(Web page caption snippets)
-*-

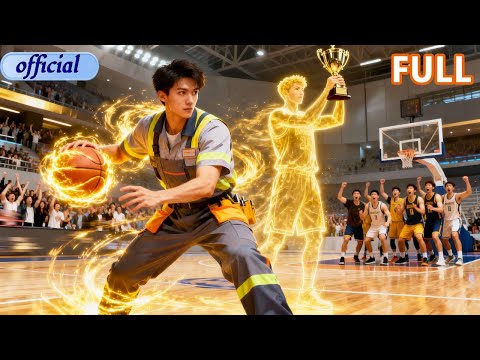 Basketball Champion Reincarnated As A Cleaner Guy, Won The World Competition And Reversed Fate!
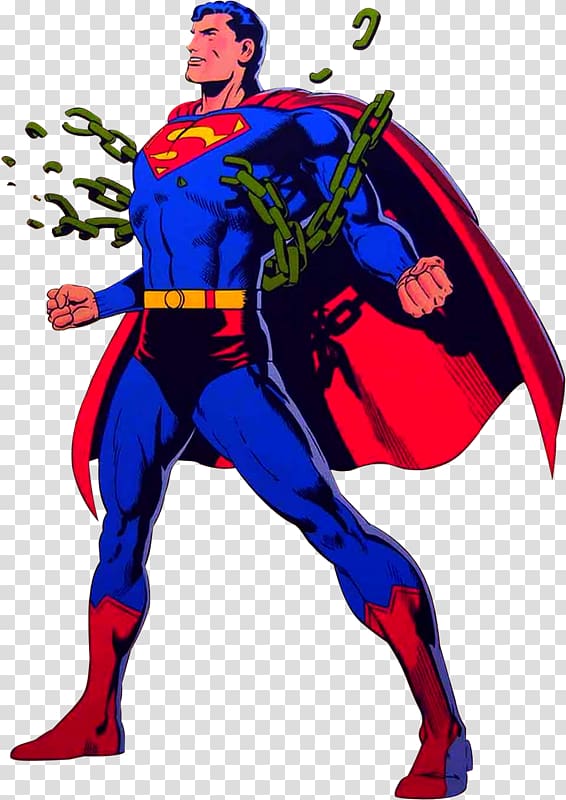 The Death of Superman Darkseid Comic book Comics, Vb transparent background PNG clipart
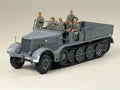 German 18T Heavy Half Track
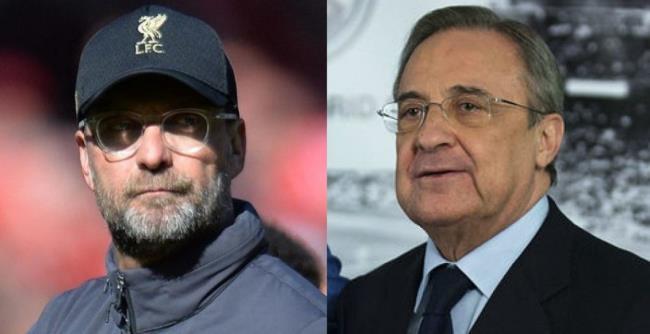 klopp florentino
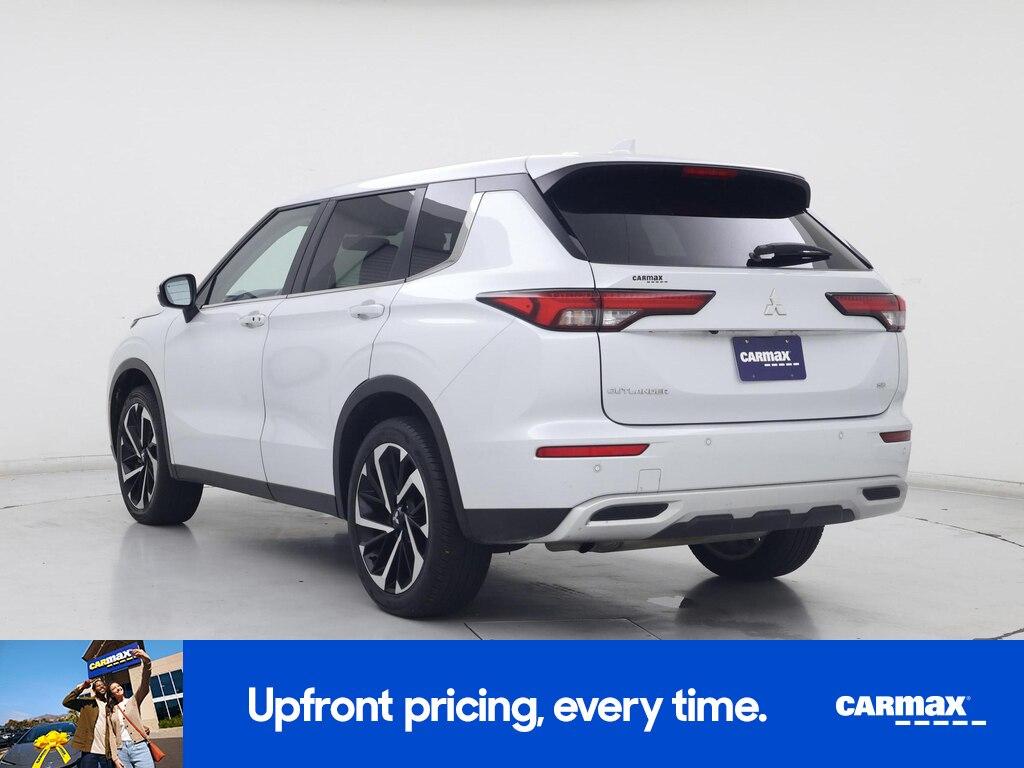 used 2024 Mitsubishi Outlander car, priced at $26,998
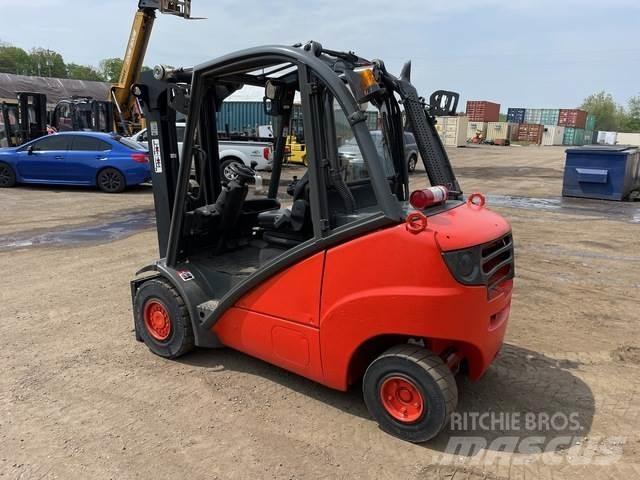 Linde H35D Construction - Others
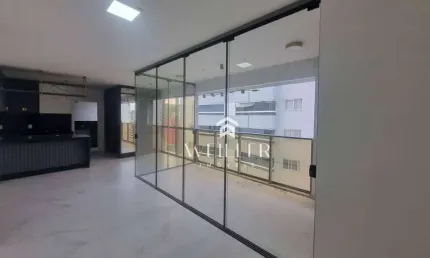 Apartamento com 4 dormitórios para alugar, 168 m² por R$ 14.974,94/mês - Pioneiros - Balneário Camboriú/SC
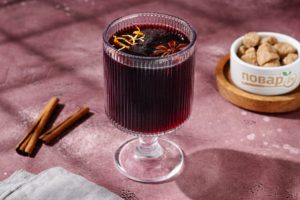 Коктейль «Глинтвейн»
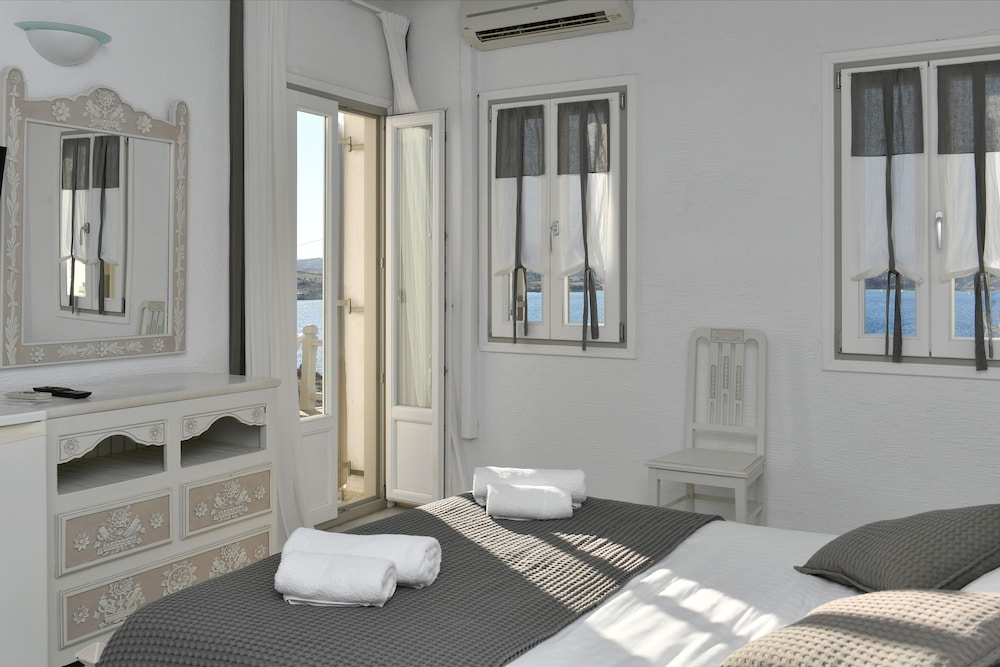Double Room, Sea View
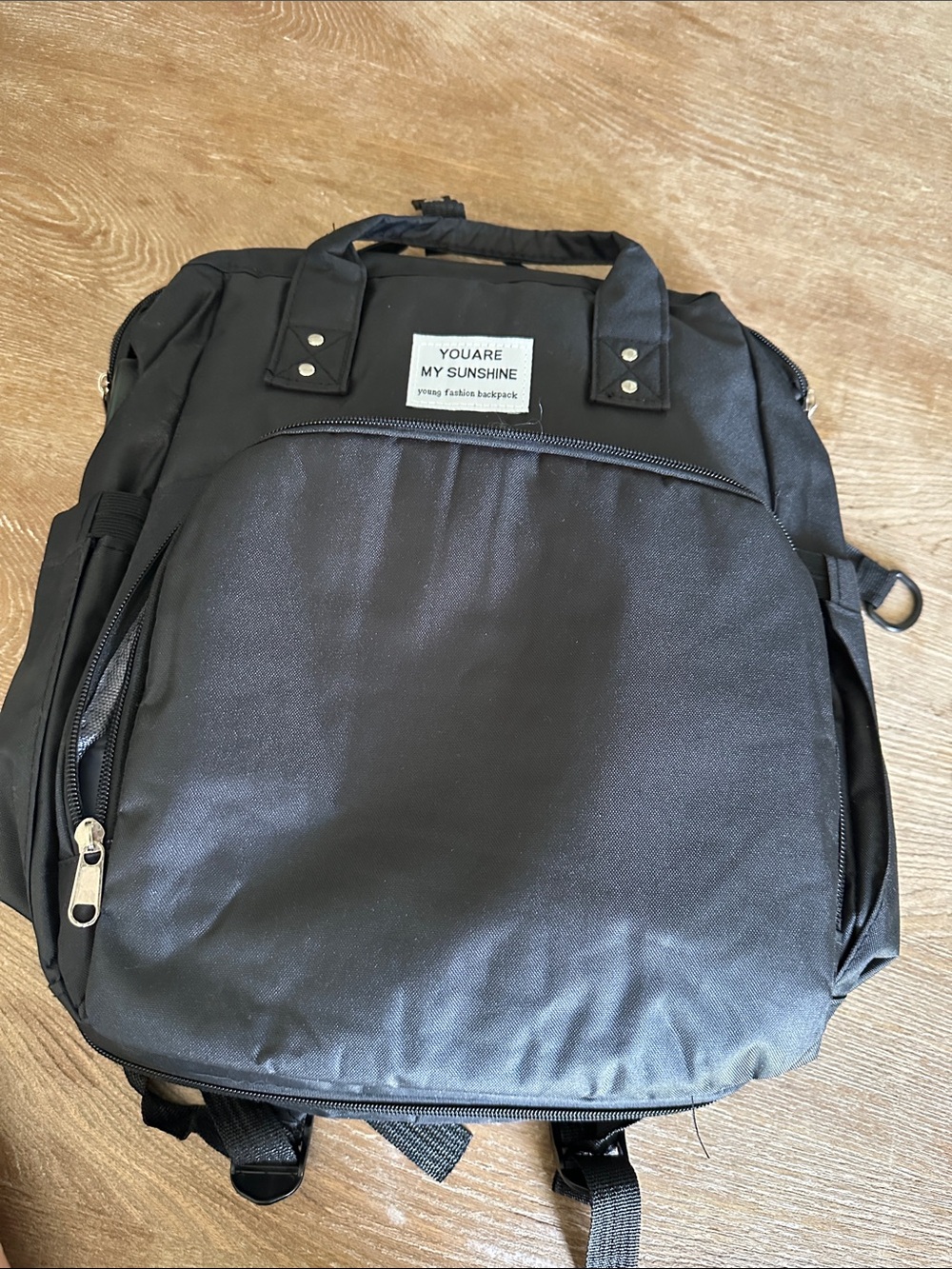 Diaper Bag Black No brand NEW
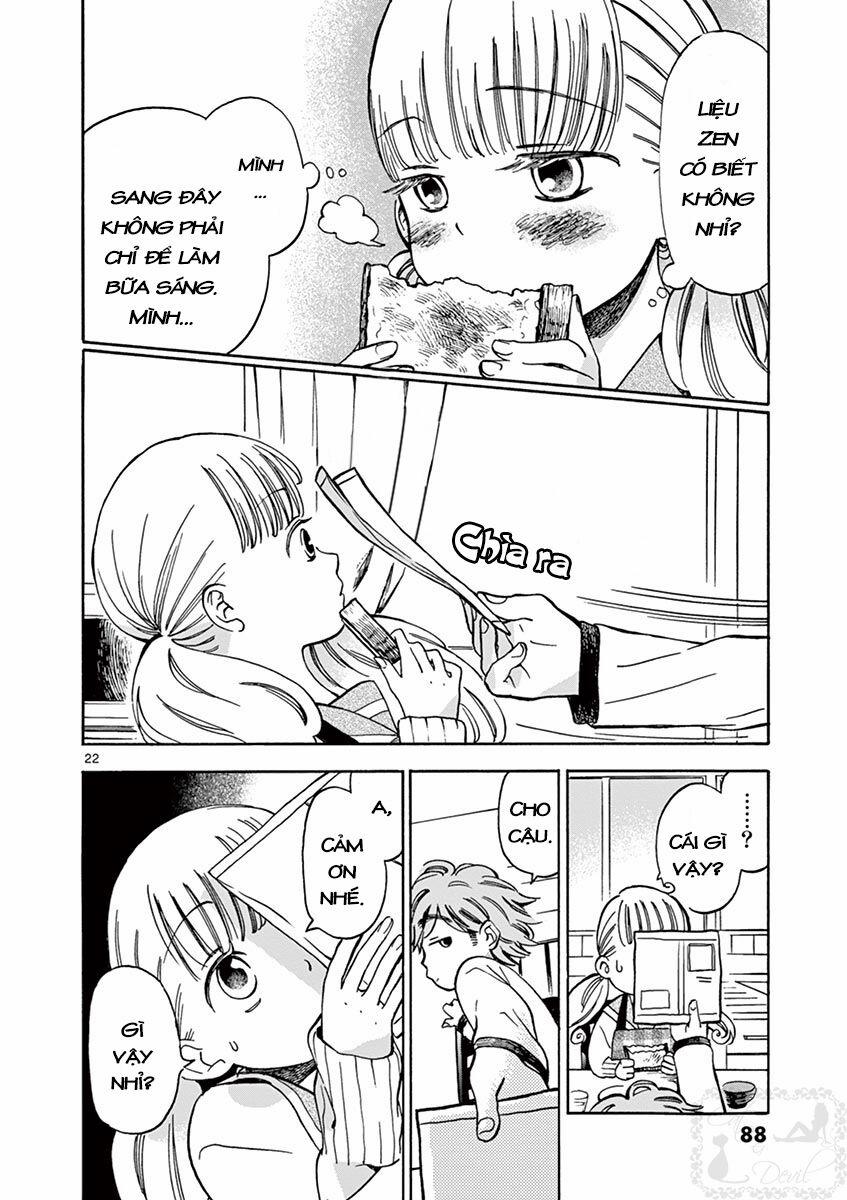 Misoshiru De Kanpai! 0 Miso mười vị trang 21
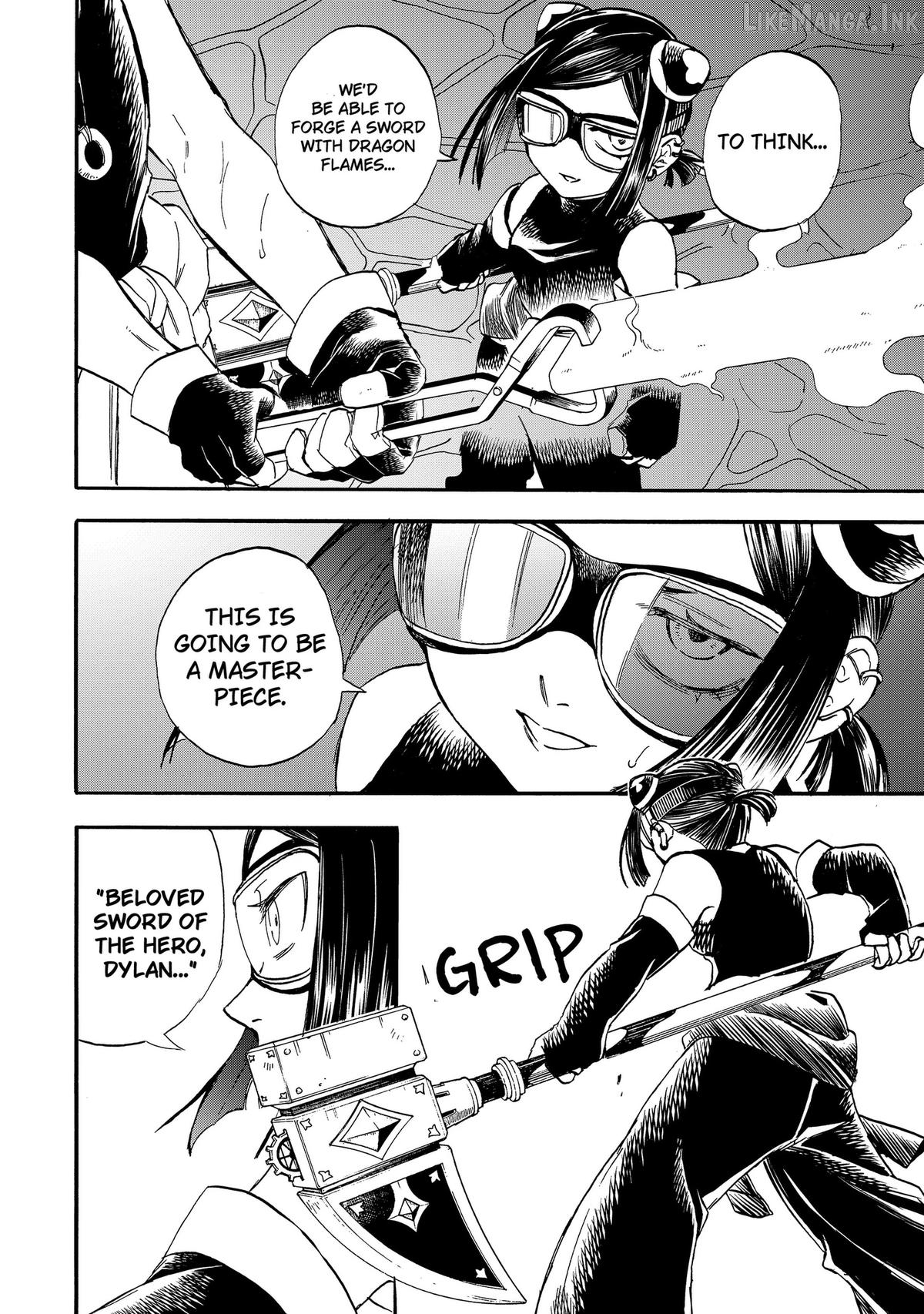 Yuusha Izoku Chapter 29 page 12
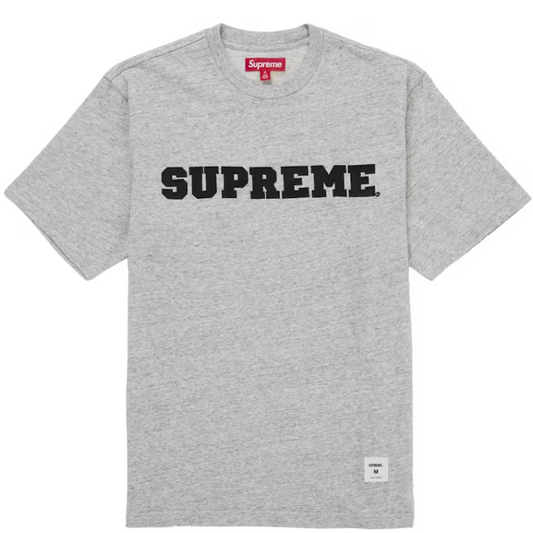 Supreme Collegiate Applique S/S Top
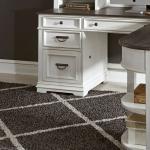 L Writing Desk Base - Image 3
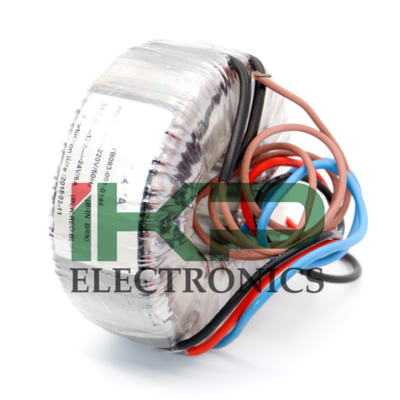53℃ Temp. Rise Toroidal Transformer for Lighting UL/CE/RoHS/CQC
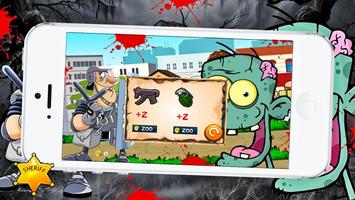 police vs zombies booth free 2 screenshot 1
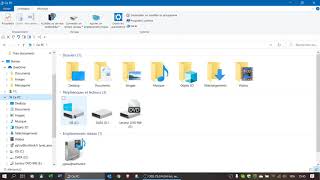 Windows 10 défragmentation [upl. by Letsirc935]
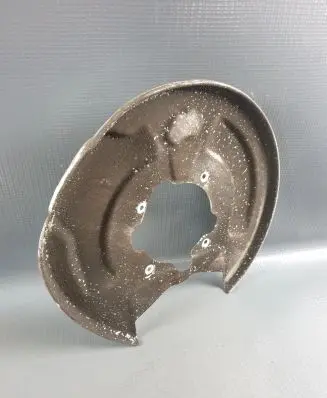 Volvo XC90 Rear brake disc plate dust cover 32217287
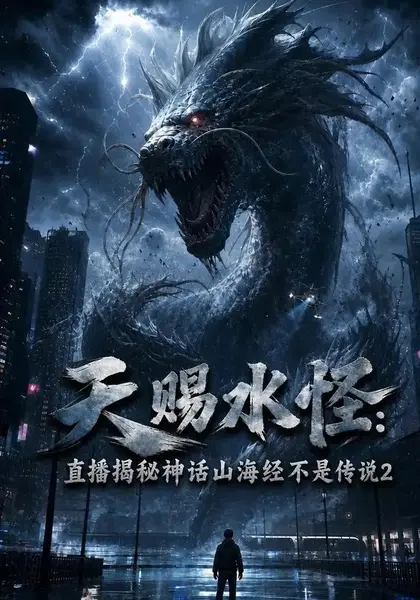 天赐水怪：直播揭秘神话山海经不是传说2天赐水怪直播揭秘神话山海经不是传说2（105集）AI短剧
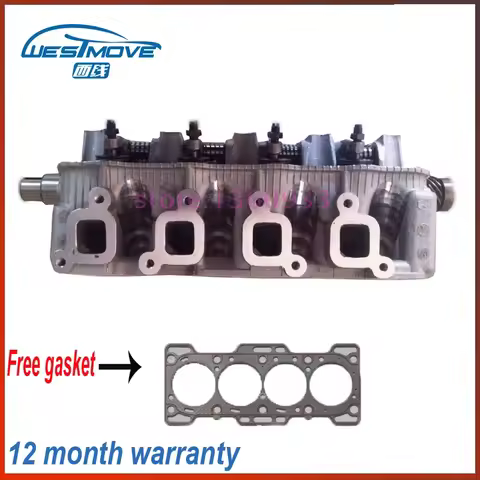 F10A FA10A complete cylinder head assembly for SUZUKI SIERRA SAMURAI SUPER CARRY SJ410 BEDFORD RASCA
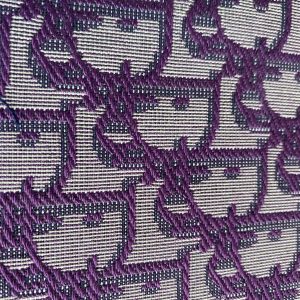 purple dior fabric for sale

-*-

**THE PROBLEM:** Begin at the first line of the records. Print every line through the one containing "53℃ Temp. Rise" exactly, but skip the pictures.

**TASK RESULT:**
 Basketball Champion Reincarnated As A Cleaner Guy, Won The World Competition And Reversed Fate!
 The Death of Superman Darkseid Comic book Comics, Vb transparent background PNG clipart
 German 18T Heavy Half Track
 klopp florentino
 used 2024 Mitsubishi Outlander car, priced at $26,998
 Linde H35D Construction - Others
 Apartamento com 4 dormitórios para alugar, 168 m² por R$ 14.974,94/mês - Pioneiros - Balneário Camboriú/SC
 Коктейль «Глинтвейн»
Double Room, Sea View
 Diaper Bag Black No brand NEW
 Misoshiru De Kanpai! 0 Miso mười vị trang 21
 Yuusha Izoku Chapter 29 page 12
 Supreme Collegiate Applique S/S Top
 L Writing Desk Base - Image 3
53℃ Temp. Rise Toroidal Transformer for Lighting UL/CE/RoHS/CQC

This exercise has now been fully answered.